### Task to complete
Beginning with the line that holds "-井水小厨·湘菜(活力广场店)" in the data below, give again every line through the one that holds "ISBN 9783861970224: USA Süden - Reiseführer", exactly as written.

### Given entries
-*-*-
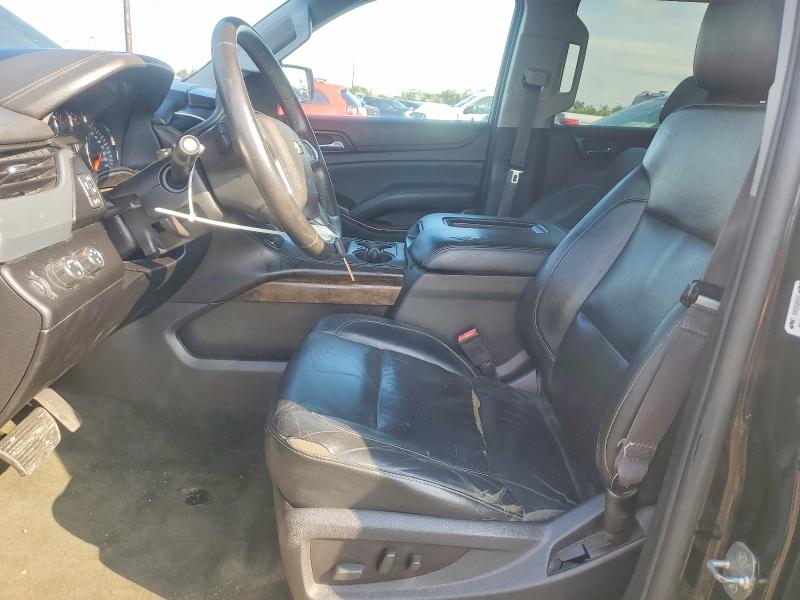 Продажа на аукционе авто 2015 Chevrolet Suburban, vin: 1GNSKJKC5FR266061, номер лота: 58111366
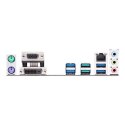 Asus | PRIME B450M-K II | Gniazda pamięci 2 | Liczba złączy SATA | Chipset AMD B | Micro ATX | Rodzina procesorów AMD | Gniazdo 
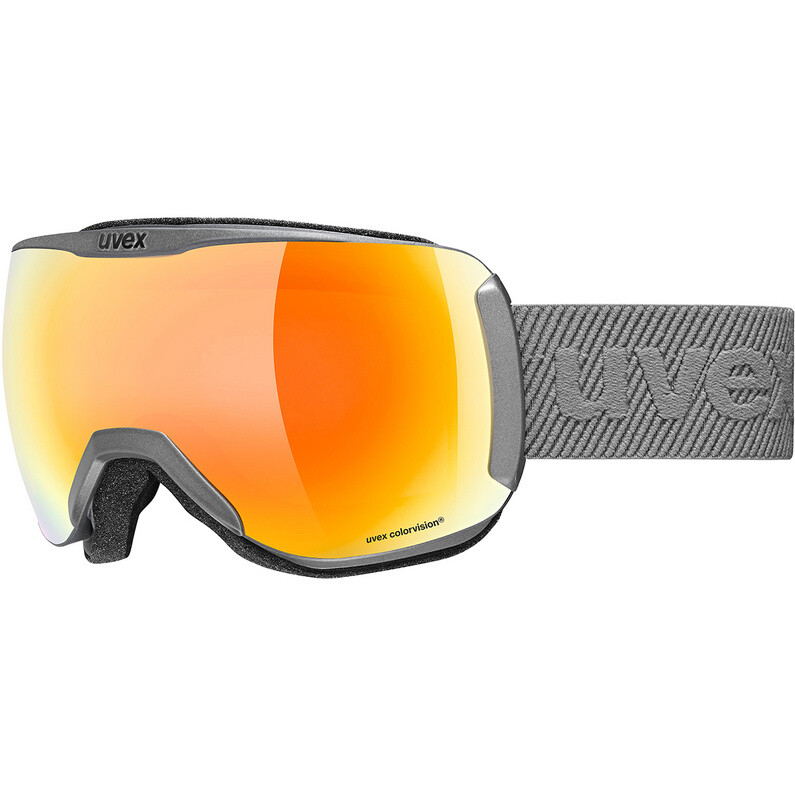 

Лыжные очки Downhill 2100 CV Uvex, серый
-*-*-
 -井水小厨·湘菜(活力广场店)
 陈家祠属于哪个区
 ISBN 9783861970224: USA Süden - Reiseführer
-*-*-
### Exercise answer
 -井水小厨·湘菜(活力广场店)
 陈家祠属于哪个区
 ISBN 9783861970224: USA Süden - Reiseführer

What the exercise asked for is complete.